--- PROVIDED MATERIAL Enclosed Below ---
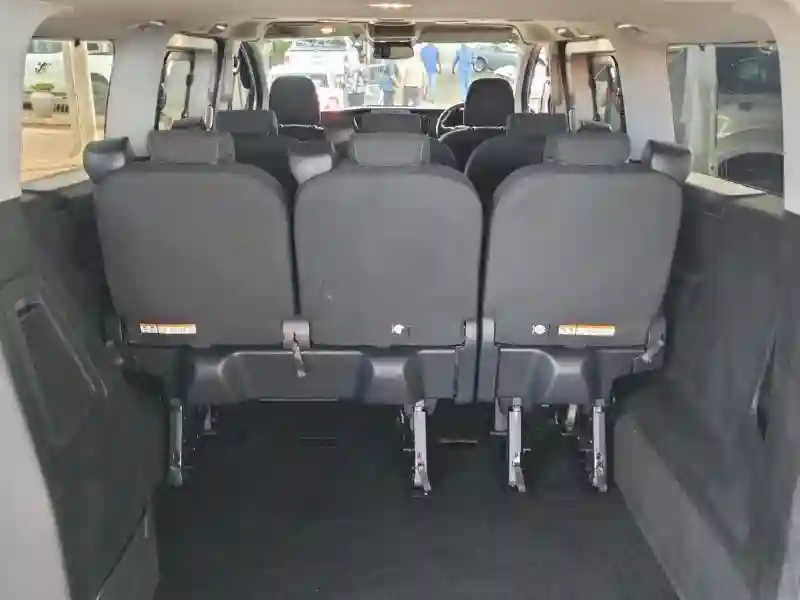 Ford Tourneo Custom - Vue 4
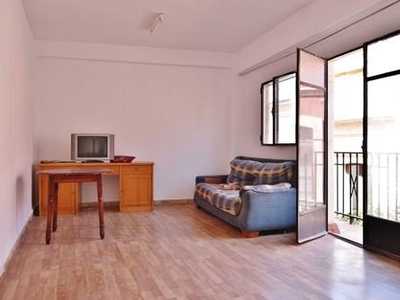 Piso de 2 dormitorios en el centro de Almería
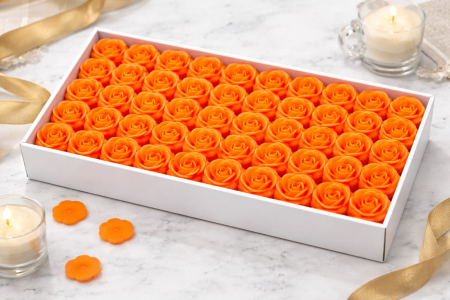 Aranjamente florale - Set 50 Trandafiri de Sapun Parfumati in Cutie Eleganta Cadou 44x23 cm Portocaliu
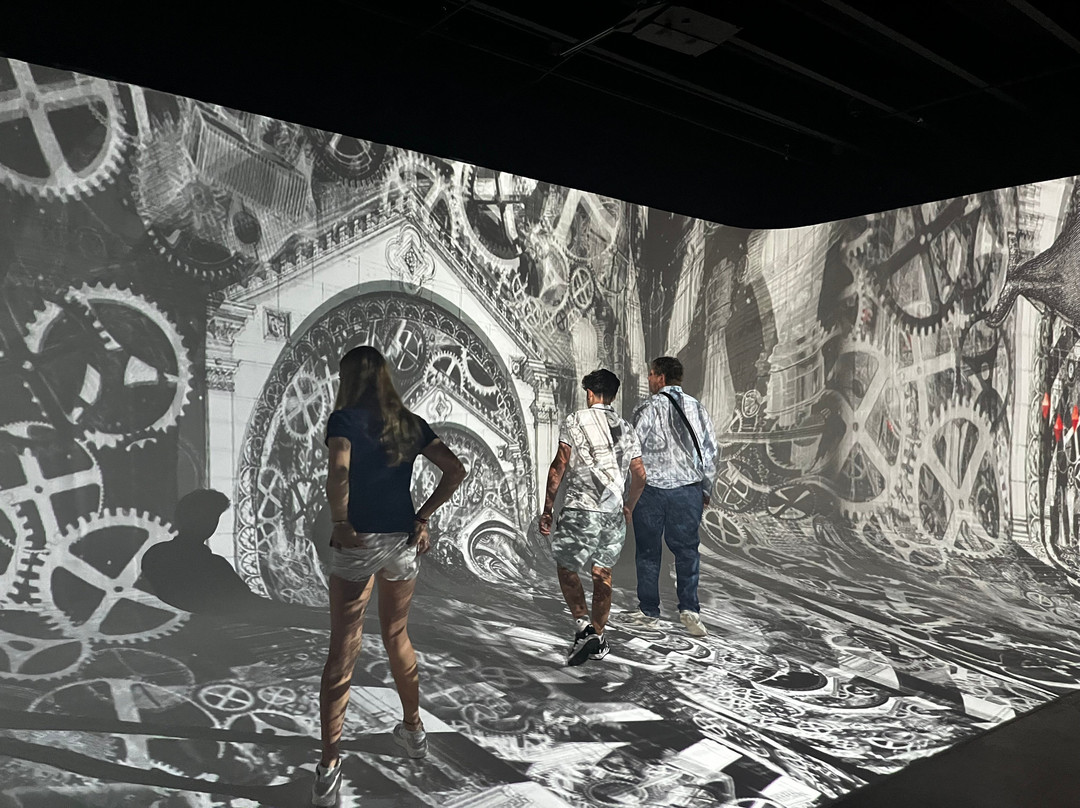 MAD Arts-达尼亚滩必去景点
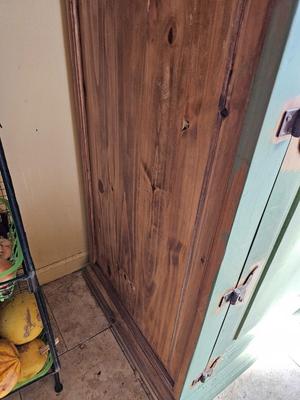 Armoire / Storage cabinet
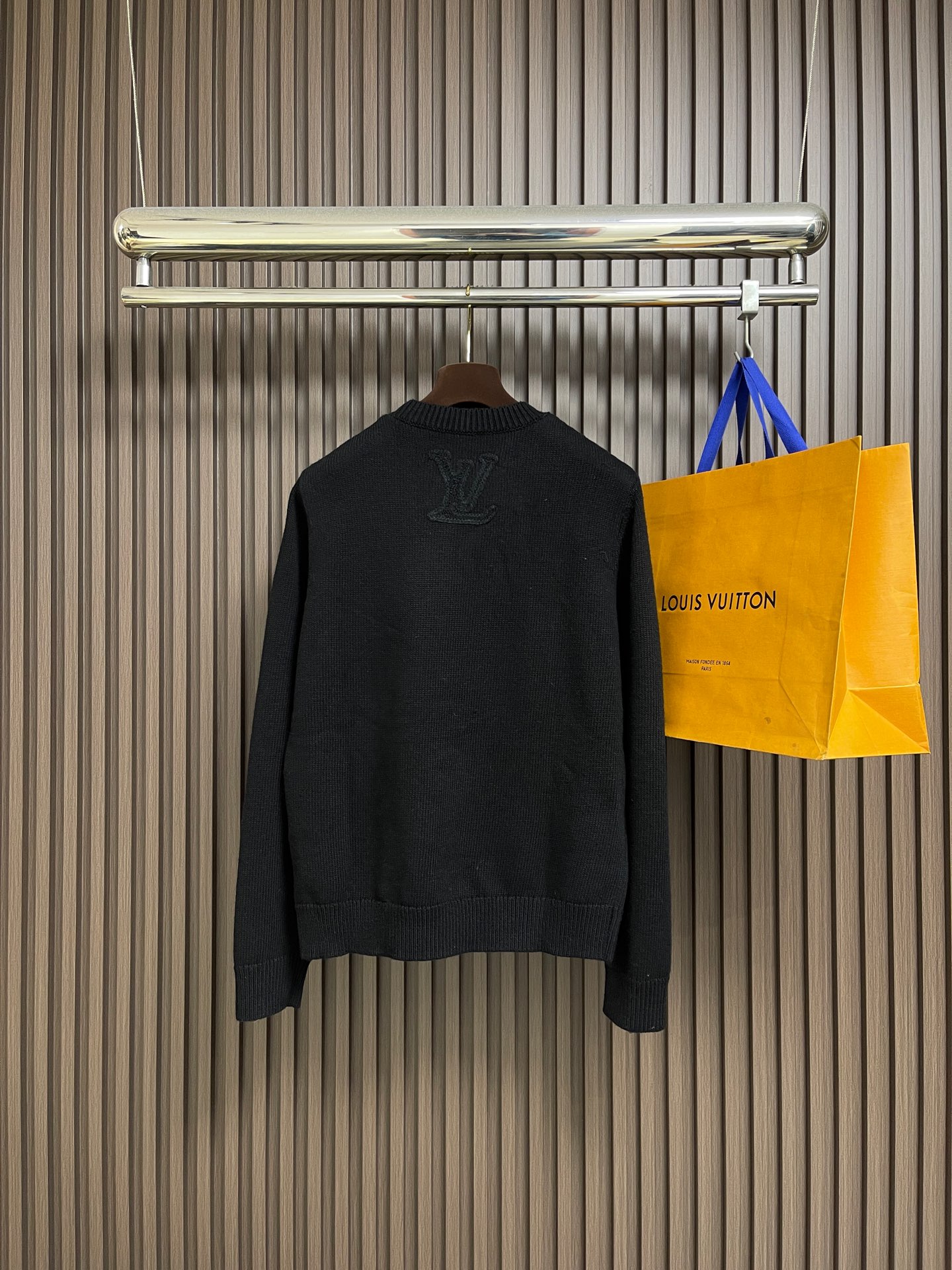 🛒🛒LV SKI滑雪系列针织镂空提花毛衣，采用高支数精纺羊毛混纺面料，以细密平针为基底，通过立体提花工艺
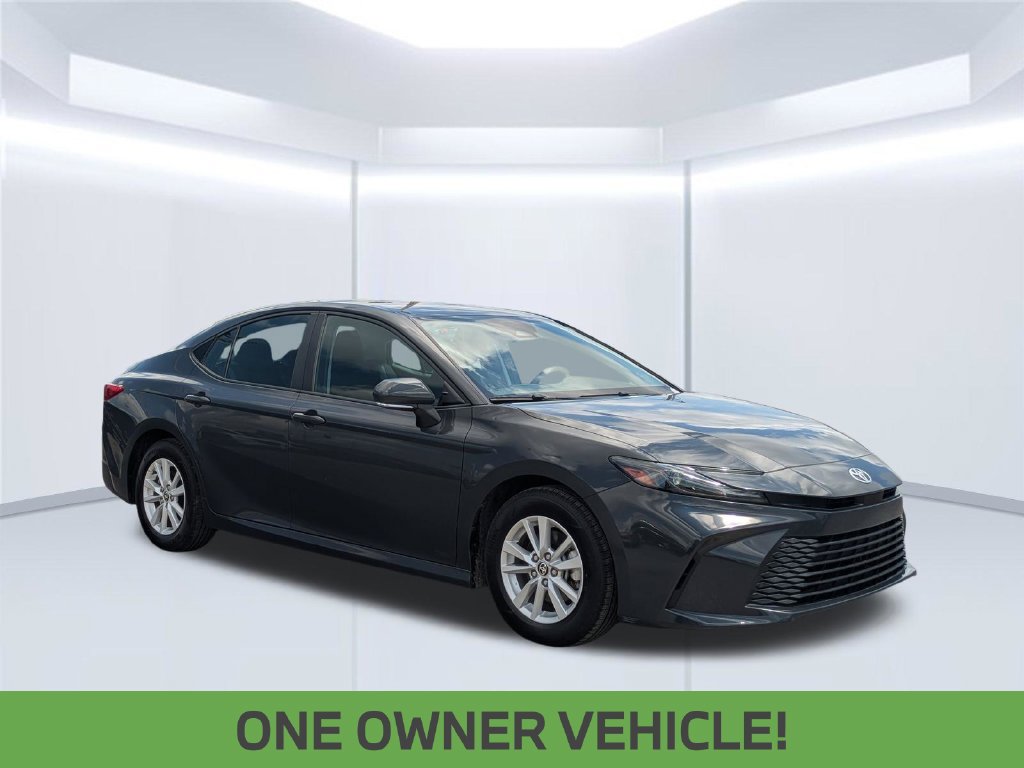 Used 2025 Toyota Camry SE FWD image 9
--- End of Enclosed PROVIDED MATERIAL ---
→ YOUR TASK: What is needed here is an exact transcript of the data above, pictures excluded.

→ RESULT OF THE EXERCISE:
 Ford Tourneo Custom - Vue 4
 Piso de 2 dormitorios en el centro de Almería
 Aranjamente florale - Set 50 Trandafiri de Sapun Parfumati in Cutie Eleganta Cadou 44x23 cm Portocaliu
 MAD Arts-达尼亚滩必去景点
 Armoire / Storage cabinet
 🛒🛒LV SKI滑雪系列针织镂空提花毛衣，采用高支数精纺羊毛混纺面料，以细密平针为基底，通过立体提花工艺
 Used 2025 Toyota Camry SE FWD image 9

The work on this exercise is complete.